[英]How to print frequency of each unique word from a string with for loop in python
The paragraph is meant to have spaces and random punctuation, I removed them in my for loop, by doing .replace. 该段旨在包含空格和随机标点符号,我通过执行.replace将其移至我的for循环中。 Then I made paragraph into a list by .split() to get ['the', 'title', 'etc'].
然后,我通过.split()将段落放入列表中,以获得['the','title','etc']。 Then I made two functions count words to count each word but I didn't want it to count every word, so I made another function to create a unique list.
然后,我使两个函数对单词进行计数以对每个单词进行计数,但是我不想让它对每个单词进行计数,因此我使另一个函数创建了一个唯一列表。 However, I need to create a for loop to print out each word and how many times it been said with the output being something like this
但是,我需要创建一个for循环以打印出每个单词以及输出了多少次这样的输出
The word The appears 2 times in the paragraph.
The word titled appears 1 times in the paragraph.

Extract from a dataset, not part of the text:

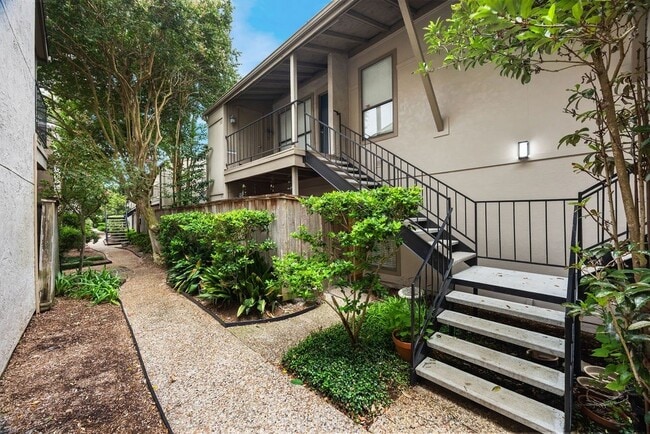 Primary Photo - 5711 Sugar Hill Dr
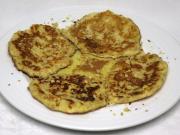 Oat pancakes with apples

The word track appears 1 times in the paragraph.
I also have a hard time understanding what a for loop essentially does. 我也很难理解for循环的本质功能。 I read that we should just be using for loops for counting, and while loops for any other things but a while loop can also be used for counting.
我读到,我们应该只使用for循环进行计数,而while循环进行任何其他操作,而while循环也可以用于计数。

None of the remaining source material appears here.